Phase 3.3 (sets): DEFERRED

• Audit date: 2026-05-22 23:55 (GMT+7)
• Goal-alignment audit verdict: DEFERRED. Mochi has no set<T> surface syntax. parser/ast.go has no SetLit or SetType node; types/kinds.go has no SetType (only ListType, MapType, GroupType); the type-checker recognises a distinct(list) builtin that dedupes a list into another list, not a set value. Implementing set<T> in transpiler3 alone would produce a runtime + IR + emit chain that no Mochi program can reach: the parser would reject let s: set<int> = {1, 2} before the lowerer ever ran. The user-facing goal moves by zero, every Phase 3.3 LOC would be unreachable scaffolding. Per the goal-alignment-audit rule we defer.

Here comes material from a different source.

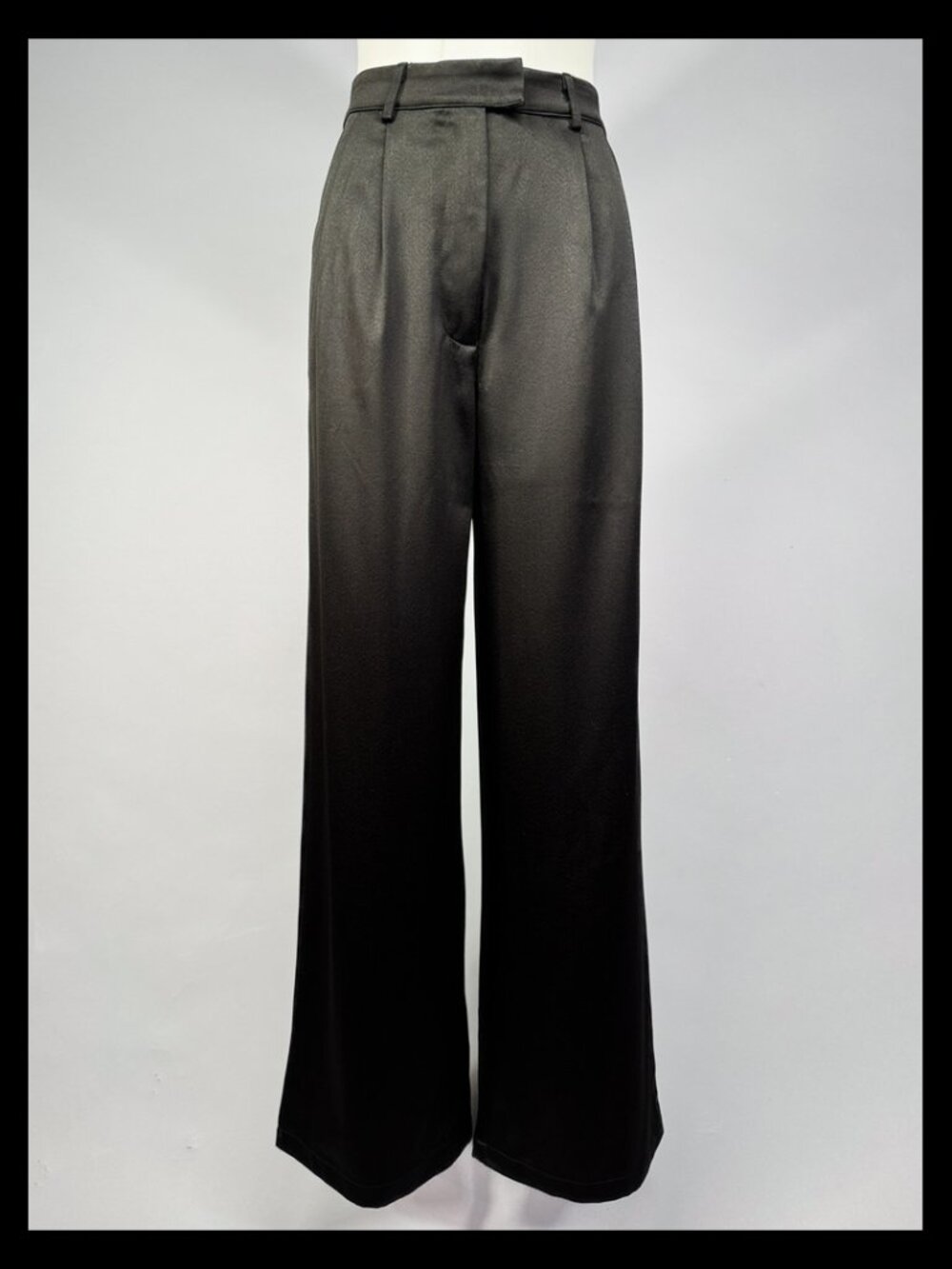 Princess Polly high waist satin wide-leg trousers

• Unblock condition. Adding set<T> to MEP-45's user-facing surface requires Mochi parser + type-checker work that belongs in a different MEP (likely the Mochi language MEP track, not the AOT-backend MEP-45). Once Mochi gains set<T> parsing + a SetType kind, Phase 3.3 reactivates: per-T open-addressing hash set (4 instantiations: i64 / f64 / bool / str), + (union), - (difference), contains(s, e), len(s), for e in s key-sorted iteration. The runtime drops into transpiler3/c/runtime/{include/mochi/set.h, src/set.c} as a value-slot-elided cousin of mochi_map_<K>_<V>_*; the IR + lower + emit chain mirrors Phase 3.2 exactly, swapping the (K,V) pair for a single (T) element.
• No fixture corpus today. Without a parsable Mochi surface there is nothing to fixture against the vm3 oracle. TestPhase3Sets is not authored; the gate row in the table reads DEFERRED and will not block downstream phases.

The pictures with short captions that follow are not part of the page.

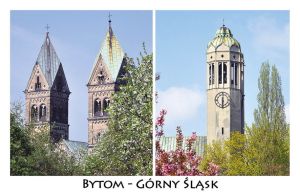 Bytom - Górny Śląsk. Kościoły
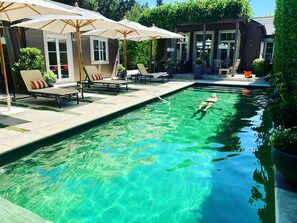 Outdoor pool, a heated pool - Spa-Like Paradise Walking Distance To Wineries,  Shops, No Final Cleaning Fee (St. Helena)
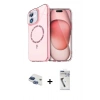MARSİLYAN™- iPhone 11 Kılıf Kıvılcım Form Prime - Şeffaf Uv Polymer Nano Ekran Koruyucu + Pers Alüminyum Kamera Lens - LT
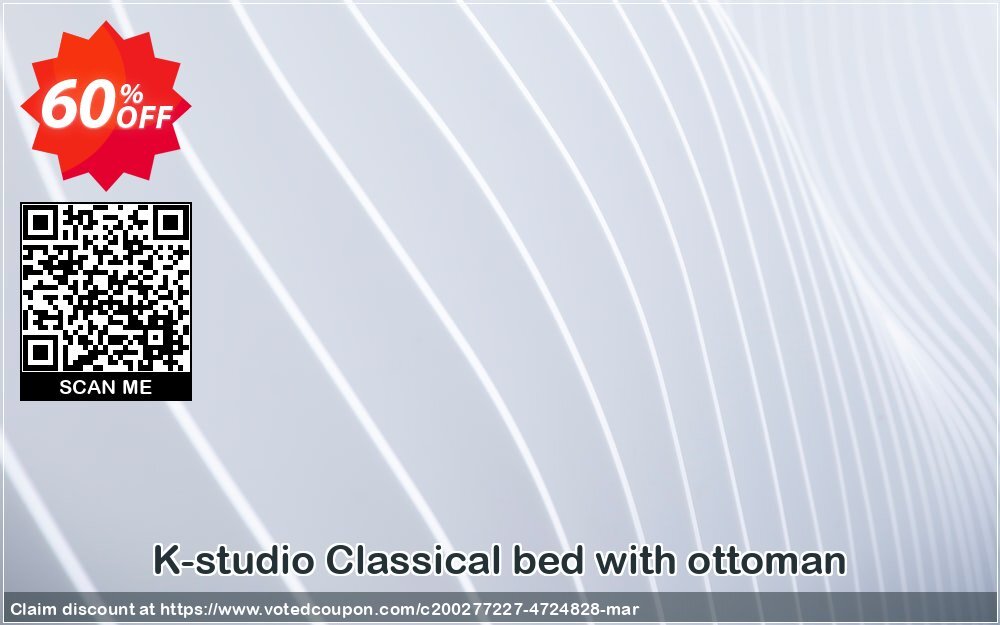 K-studio Classical bed with ottoman Coupon, discount Spring Sale. Promotion: Big promotions code of Classical bed with ottoman 2024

Phase 3.4a (list: records as list elements)

• Started: 2026-05-22 23:55 (GMT+7)
• Gate green: 2026-05-23 00:25 (GMT+7), 17 fixtures passing (TestPhase3MonoListRecord).

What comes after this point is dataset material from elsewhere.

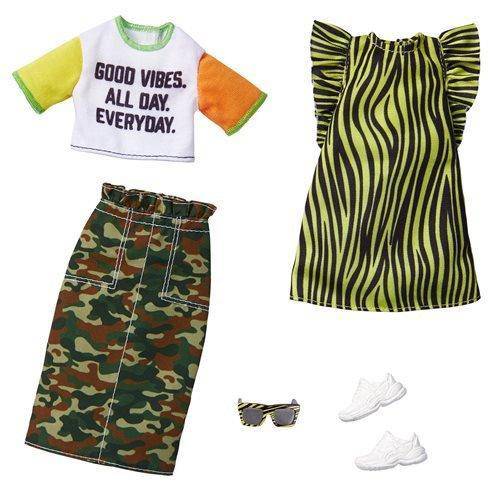 Barbie Camo and Zebra Print Fashion Accessory Pack 12 - for just $15.67!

• Goal-alignment audit: list<R> is the row-sequence shape that Phase 8 (query DSL) and most realistic data programs depend on. Without it the language can manipulate scalars and individual records but cannot accumulate them into the sequences a real workload produces. 3.4a is the smallest step that unlocks that surface: pass list<R> to a function, append onto it, iterate it, return it. The remaining 3.4 sub-phases (b: nested collections, c: typed-empty literal, d: list / map equality) are independent and can land in any order on top of this foundation. Aligns.
• Per-record helpers emitted into the TU prologue, not libmochi. The scalar list helpers (mochi_list_i64_*, etc.) ship in libmochi because the element type is known up front. For list<R> the element type is a user-defined struct mochi_<R> that only exists inside the program's translation unit; emitting the per-record list runtime into libmochi would require either pre-declaring every conceivable record (impossible) or punching a generic void-pointer hole in the runtime (defeats the type-safety goal of monomorphisation). Instead, the emitter walks the program after emitRecordDecls, collects every unique record name used as a list element across function signatures + bodies, and emits a mochi_list_<R> struct + 4 helpers (_lit, _append, _index, _len) per record into the TU prologue. The helpers are static to keep them TU-local. The shape is a direct port of mochi_list_i64's source, with int64_t replaced by struct mochi_<R>. Same heap-malloced-buffer / value-semantics / leak-on-exit ownership model.
• ElemRecordName parallel field on every list-bearing IR carrier. Same pattern as Phase 3.0's RecordName and Phase 3.2's KeyType / ValueType. Param, Function.ReturnElemRecordName, LetStmt, VarRef, CallExpr.ResultElemRecordName, ListLit, IndexExpr, LenExpr, AppendExpr, ForEachStmt each carry the parallel string beside Type==TypeList / ElemType==TypeRecord. The verifier strictly enforces that ElemRecordName is non-empty when ElemType==TypeRecord, and that the named record is declared. The alternative (Type as a struct, or threading a per-instantiation registry through every type-compare site) would touch ~50 sites in the verifier; the parallel-string approach adds ~10 lines per carrier.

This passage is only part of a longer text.